■ Assignment
In the listing below, start your output at the line with "Business Scenario" and end it after the line with "project. The project", copying every line exactly.

■ Exercise materials

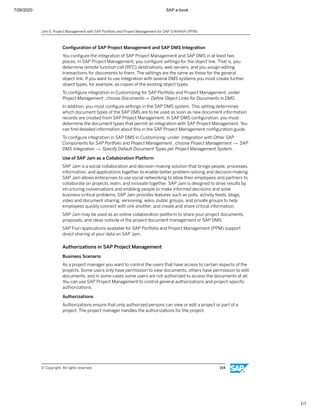 7/26/2020 SAP e-book
1/1
Conﬁguration of SAP Project Management and SAP DMS Integration
You conﬁgure the integration of SAP Project Management and SAP DMS in at least two
places. In SAP Project Management, you conﬁgure settings for the object link. That is, you
determine remote function call (RFC) destinations, web servers, and you assign editing
transactions for documents to them. The settings are the same as those for the general
object link. If you want to use integration with several DMS systems you must create further
object types, for example, as copies of the existing object types.
To conﬁgure integration in Customizing for SAP Portfolio and Project Management, under
Project Management, choose Documents→ Deﬁne Object Links for Documents in DMS.
In addition, you must conﬁgure settings in the SAP DMS system. This setting determines
which document types of the SAP DMS are to be used as soon as new document information
records are created from SAP Project Management. In SAP DMS conﬁguration, you must
determine the document types that permit an integration with SAP Project Management. You
can ﬁnd detailed information about this in the SAP Project Management conﬁguration guide.
To conﬁgure integration in SAP DMS in Customizing, under Integration with Other SAP
Components for SAP Portfolio and Project Management , choose Project Management → SAP
DMS Integration → Specify Default Document Types per Project Management System .
Use of SAP Jam as a Collaboration Platform
SAP Jam is a social collaboration and decision-making solution that brings people, processes,
information, and applications together to enable better problem-solving and decision-making.
SAP Jam allows enterprises to use social networking to allow their employees and partners to
collaborate on projects, learn, and innovate together. SAP Jam is designed to drive results by
structuring conversations and enabling people to make informed decisions and solve
business-critical problems. SAP Jam provides features such as polls, activity feeds, blogs,
video and document sharing, versioning, wikis, public groups, and private groups to help
employees quickly connect with one another, and create and share critical information.
SAP Jam may be used as an online collaboration platform to share your project documents,
proposals, and ideas outside of the project document management or SAP DMS.
SAP Fiori applications available for SAP Portfolio and Project Management (PPM) support
direct sharing of your data on SAP Jam.
Authorizations in SAP Project Management
Business Scenario
As a project manager you want to control the users that have access to certain aspects of the
projects. Some users only have permission to view documents, others have permission to edit
documents, and in some cases some users are not authorized to access the documents at all.
You can use SAP Project Management to control general authorizations and project-speciﬁc
authorizations.
Authorizations
Authorizations ensure that only authorized persons can view or edit a project or part of a
project. The project manager handles the authorizations for the project.
Unit 6: Project Management with SAP Portfolio and Project Management for SAP S/4HANA (PPM)
© Copyright. All rights reserved. 154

■ Written response
Business Scenario
As a project manager you want to control the users that have access to certain aspects of the
projects. Some users only have permission to view documents, others have permission to edit
documents, and in some cases some users are not authorized to access the documents at all.
You can use SAP Project Management to control general authorizations and project-speciﬁc
authorizations.
Authorizations
Authorizations ensure that only authorized persons can view or edit a project or part of a
project. The project manager handles the authorizations for the project.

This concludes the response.